China’s 50 private equity funds suspected of illegal fundraising activity together brought in 16 billion RMB (€1.9 billion; $2.6 billion) and involved 100,000 investors, according to regulators speaking at a recent domestic forum on illegal fundraising, which was reported in Caixin.
In recent years, illegal fundraising activities in the name of “local economic development support”, “green consumption”, “financial industry innovation” and others have appeared, offering high-yield, high returns as bait, said Liu Zhangjun, director general of the Office of Interagency Anti-illegal Fundraising Taskforce, in the report.
These vehicles often claim to be private equity funds, which gives investors the appearance of legitimacy, adds James Wang, partner at Han Kun Law in Beijing.
“At the peak of the private equity fund activities, local governments encouraged [RMB] private equity funds to be registered in their local jurisdiction with the offering of many preferential policies, which were viewed by unsophisticated investors as a kind of endorsement by the local government,” Wang said.
“Illegal fundraising in China typically works like a Ponzi scheme.

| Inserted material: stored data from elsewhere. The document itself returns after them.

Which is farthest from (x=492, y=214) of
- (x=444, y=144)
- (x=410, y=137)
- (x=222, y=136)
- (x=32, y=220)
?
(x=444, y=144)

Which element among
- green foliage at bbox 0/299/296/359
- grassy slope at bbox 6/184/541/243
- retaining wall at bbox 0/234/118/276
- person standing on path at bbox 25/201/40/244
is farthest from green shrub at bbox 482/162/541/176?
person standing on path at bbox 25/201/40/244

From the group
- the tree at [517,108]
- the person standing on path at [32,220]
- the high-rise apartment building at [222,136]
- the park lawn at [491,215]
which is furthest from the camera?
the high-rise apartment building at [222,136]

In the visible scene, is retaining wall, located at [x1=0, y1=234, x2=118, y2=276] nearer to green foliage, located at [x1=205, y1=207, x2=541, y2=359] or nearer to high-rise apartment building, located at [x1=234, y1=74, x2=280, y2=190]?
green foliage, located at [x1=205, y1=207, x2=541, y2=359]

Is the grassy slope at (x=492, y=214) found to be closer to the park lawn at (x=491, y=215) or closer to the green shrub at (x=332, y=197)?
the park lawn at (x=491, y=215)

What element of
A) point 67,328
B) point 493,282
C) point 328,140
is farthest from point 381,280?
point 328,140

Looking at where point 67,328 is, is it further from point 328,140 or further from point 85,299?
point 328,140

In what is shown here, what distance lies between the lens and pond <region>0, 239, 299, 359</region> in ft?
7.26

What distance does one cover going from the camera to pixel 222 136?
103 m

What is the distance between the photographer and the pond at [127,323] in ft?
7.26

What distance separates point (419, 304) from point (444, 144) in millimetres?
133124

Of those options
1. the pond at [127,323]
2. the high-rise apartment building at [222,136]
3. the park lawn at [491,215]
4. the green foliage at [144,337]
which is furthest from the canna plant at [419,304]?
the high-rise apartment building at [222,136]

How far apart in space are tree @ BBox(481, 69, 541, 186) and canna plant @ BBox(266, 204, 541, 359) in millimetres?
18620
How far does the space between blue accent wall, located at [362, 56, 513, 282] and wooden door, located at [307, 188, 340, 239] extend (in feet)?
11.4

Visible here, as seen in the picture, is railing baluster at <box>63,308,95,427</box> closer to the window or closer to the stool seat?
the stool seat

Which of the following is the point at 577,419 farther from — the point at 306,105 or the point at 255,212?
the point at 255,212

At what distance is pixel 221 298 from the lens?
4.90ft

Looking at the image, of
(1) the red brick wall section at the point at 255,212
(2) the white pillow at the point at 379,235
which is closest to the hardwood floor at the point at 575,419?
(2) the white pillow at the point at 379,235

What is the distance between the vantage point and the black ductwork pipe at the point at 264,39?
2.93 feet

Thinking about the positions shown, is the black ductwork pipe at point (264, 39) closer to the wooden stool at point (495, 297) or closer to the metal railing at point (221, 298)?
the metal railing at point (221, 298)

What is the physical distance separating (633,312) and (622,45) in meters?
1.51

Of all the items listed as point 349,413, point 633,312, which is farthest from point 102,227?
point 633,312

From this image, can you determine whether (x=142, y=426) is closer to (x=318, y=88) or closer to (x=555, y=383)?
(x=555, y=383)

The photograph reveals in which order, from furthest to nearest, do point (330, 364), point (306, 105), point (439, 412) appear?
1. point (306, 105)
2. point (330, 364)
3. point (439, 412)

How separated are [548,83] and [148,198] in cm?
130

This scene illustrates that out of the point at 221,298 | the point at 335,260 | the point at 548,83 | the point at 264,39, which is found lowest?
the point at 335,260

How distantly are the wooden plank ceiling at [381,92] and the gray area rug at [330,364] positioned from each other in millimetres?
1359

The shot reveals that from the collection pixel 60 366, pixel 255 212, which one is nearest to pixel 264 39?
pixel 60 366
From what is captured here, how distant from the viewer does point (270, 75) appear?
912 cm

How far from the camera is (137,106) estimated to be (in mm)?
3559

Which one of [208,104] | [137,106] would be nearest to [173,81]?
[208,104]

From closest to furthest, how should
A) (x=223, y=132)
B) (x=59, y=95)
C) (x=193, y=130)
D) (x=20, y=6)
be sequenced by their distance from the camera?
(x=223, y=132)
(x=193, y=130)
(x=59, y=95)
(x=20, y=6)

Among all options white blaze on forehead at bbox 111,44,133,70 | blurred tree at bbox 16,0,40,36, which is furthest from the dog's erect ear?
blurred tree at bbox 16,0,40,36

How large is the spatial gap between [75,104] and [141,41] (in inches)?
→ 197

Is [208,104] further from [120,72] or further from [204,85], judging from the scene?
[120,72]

The fund manager guarantees a high return on the principal and has to continually attract new investors in order to make good on the guarantee high return promise to the old investors.”
In 2013, however, illegal fundraising has been declining, Wang said, though he did not have any figures. “In the last two years, the government has strengthened regulations to crackdown on those illegal fundraising activities so it is harder for people to do that, at least in the form of a private equity fund.”
However, the fast development of peer-to-peer fundraising and lending platforms has increased the speed and amount of capital raised from the public, but laws and regulations have not kept pace. “The risk of illegal fund-raising in this area is rapidly building up,” Liu added.
He also cited private debt and credit funds as being at high risk for illegal fundraising conduct.
Fundraising conduct considered illegal includes raising money from the general public; fundraising without proper legal approval; advertising funds through public channels such as the media, promotional events, leaflets and SMS; promising specific returns within a timeframe, according to The China Banking Regulatory Commission.